There’s quite a variety of passers-by to be seen from my front porch of an evening, and most seem to be walking a dog or two, or three. The majority of walkers fit in a velocity band somewhere between comfortable stroll and brisk jog, but there are also those on the fringes of the extremes, and these are the most interesting to observe.
At the hyper-speed end is Speedy Meanie, and he’s a runner on a mission. He’s lean and long-legged, and usually shirtless (in Summer anyway). He and his hound bound along in perfect synchronicity and appear out of nowhere in a flash, so you need a keen eye to catch him. He’s well known in the neighborhood for having a bit of a mean temper, and woe betide anyone that dares to get in his way. If Speedy Meanie arrives just as one happens to be putting the bins out, one can get an earful of colorful curses if he has to maneuver around them.
At the opposite end of the scale is dear old Ambling Archie. Archie is a truly loveable little dog, and as well as being small, he is very, very slow. Unlike Speedy Meanie, it is Archie that controls the pace, which is excruciatingly slow and difficult to watch, while his companion digs around in his smart-phone for something interesting to help pass the time. Ambling Archie doesn’t go very far, just to the end of the block and back, but it’s all the exercise he needs, and it’s quality time for him and his master.
Observing these two got me to thinking how this speed disparity relates to the variable speed compressors we have now in both refrigeration and air conditioning systems. If there’s not much work to do, then why not slow the compressor down and run it at reduced capacity. This will result in a longer run time, but will result in better efficiency than running a fixed-speed compressor for short blasts with long rest times. The measure of compressor efficiency we use is the Coefficient Of Performance (COP), which is the ratio of watts of power consumed compared to watts of cooling produced, i.e. Watts In : Watts Out. The slower the compressor is run, the higher the COP, and the lower the amount of power consumed. Frigoboat developed the Merlin II Smart Speed Control to utilize the variable speed capabilities of the Danfoss/Secop BD 35 and 50 compressors used in marine refrigeration. This plug-and-play device regulates the speed of the compressor dependent on the demand, resulting in big gains in efficiency, with super-cold freezer bins as a side benefit.
Think of it this way. Speedy Meanie can be likened to a compressor running at full speed. He needs to run far and run fast in order to satisfy his need to push himself to the limit, as well as being able to bark insults at as many people as he can along the way. Slowing down would not achieve his objectives, although his canine companion might appreciate it.

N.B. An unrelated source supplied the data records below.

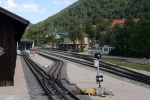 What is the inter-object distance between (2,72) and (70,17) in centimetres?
17992

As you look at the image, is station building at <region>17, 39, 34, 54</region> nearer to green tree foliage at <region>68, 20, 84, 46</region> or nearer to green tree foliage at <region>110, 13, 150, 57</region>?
green tree foliage at <region>110, 13, 150, 57</region>

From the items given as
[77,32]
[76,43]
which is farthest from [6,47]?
[76,43]

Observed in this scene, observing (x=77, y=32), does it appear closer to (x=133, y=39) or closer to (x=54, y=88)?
(x=133, y=39)

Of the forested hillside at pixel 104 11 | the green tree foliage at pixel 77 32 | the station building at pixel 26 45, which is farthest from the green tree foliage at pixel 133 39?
the forested hillside at pixel 104 11

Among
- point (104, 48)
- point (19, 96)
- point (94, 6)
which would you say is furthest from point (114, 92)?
point (94, 6)

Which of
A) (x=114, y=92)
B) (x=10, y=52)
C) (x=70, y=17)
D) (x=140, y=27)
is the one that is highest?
(x=70, y=17)

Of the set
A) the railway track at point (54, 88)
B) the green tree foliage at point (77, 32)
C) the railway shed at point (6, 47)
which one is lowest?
the railway track at point (54, 88)

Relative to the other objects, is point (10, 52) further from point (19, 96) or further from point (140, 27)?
point (140, 27)

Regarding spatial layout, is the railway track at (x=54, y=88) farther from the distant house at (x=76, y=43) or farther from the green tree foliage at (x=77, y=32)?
the distant house at (x=76, y=43)

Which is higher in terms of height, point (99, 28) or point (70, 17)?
point (70, 17)

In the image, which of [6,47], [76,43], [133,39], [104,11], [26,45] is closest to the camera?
[6,47]

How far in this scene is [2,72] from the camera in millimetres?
15961

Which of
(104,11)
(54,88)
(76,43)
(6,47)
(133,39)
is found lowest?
(54,88)

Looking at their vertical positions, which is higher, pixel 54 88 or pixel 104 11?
pixel 104 11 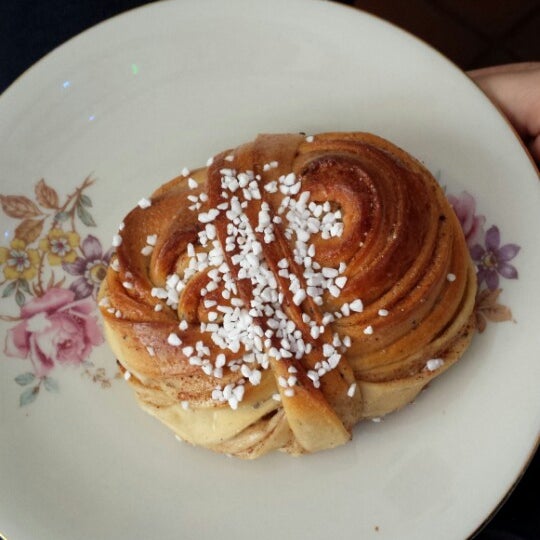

Ambling Archie on the other hand moves only as fast as he needs to, and uses the least amount of energy doing so, just like a slow-running compressor. I’m not sure if Archie is on his maximum speed setting, but I like to imagine that instead of ambling steadily along, he is actually capable of spurting between sniffing spots and leg-lifting posts, spending long rest periods investigating whatever intriguing odors catch his attention. But that would use up too much of his precious energy, and time is of no consequence to him, although it may be to the oh-so patient individual on the other end of the leash.
So, whether you’re a compressor or a dog walker/runner, the message is clear. Go only as fast as you need to go to get the job done, and save energy doing so. And if you’re ever in the Eastport area of Annapolis around sundowner time and hear the patter of a speeding feet and paws behind you, look out, because you just might be about to get an earful from the Speedy Meanie.